Saturday, March 30, 2013

Some history from Vanier, the ByWard Market and the Glebe

Photy by Jamie McCaffrey courtesy of Flickr
(Creative Commons)

If you are interested in the history of Ottawa, then several recent blog posts may interest you.

Vanier Now has a short history about the first sugar shack in Richelieu Park, which was constructed around 1940 by the Society of Missionaries of Africa, known as the White Fathers.  In 1998, volunteers constructed today's sugar shack on the same site.  In another post, Vanier Now tells the story of 159 Montreal Road, currently the home of the Vanier Grill, but which opened originally in the 1880s as only the second general store in Janeville, known as the Durocher Grocery Store (Épicerie Durocher).

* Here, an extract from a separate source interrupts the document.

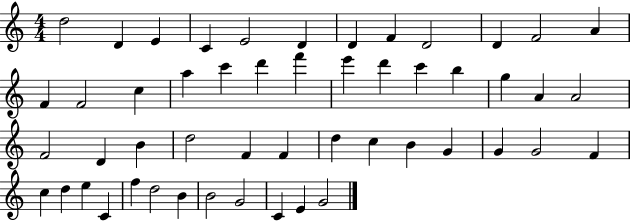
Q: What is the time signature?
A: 4/4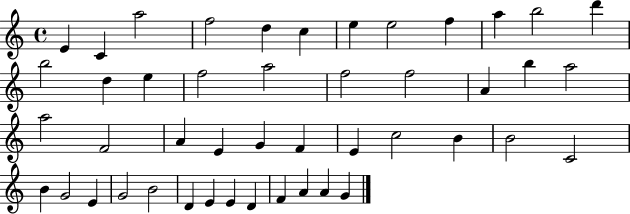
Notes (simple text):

E4/q C4/q A5/h F5/h D5/q C5/q E5/q E5/h F5/q A5/q B5/h D6/q B5/h D5/q E5/q F5/h A5/h F5/h F5/h A4/q B5/q A5/h A5/h F4/h A4/q E4/q G4/q F4/q E4/q C5/h B4/q B4/h C4/h B4/q G4/h E4/q G4/h B4/h D4/q E4/q E4/q D4/q F4/q A4/q A4/q G4/q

Urbsite has a post on the Nepean Point Footbridge, which furnished an elevated walkway between Nepean Point and Majors Hill Park, but which was dismantled by the National Capital Commission in 1958-59.  The story contains numerous captivating photos of what Ottawa used to look like more than half-a-century ago.  A separate post on Urbsite recounts the story of the Union du Canada building in the Byward Market that is slated to undergo major changes.

Finally, GlebeSite has posted pictures of a wedding of a Miss Gwen Clemow that took place at 193 Clemow in the Glebe in September 1910.  You can see a current image of the same house on Google Maps.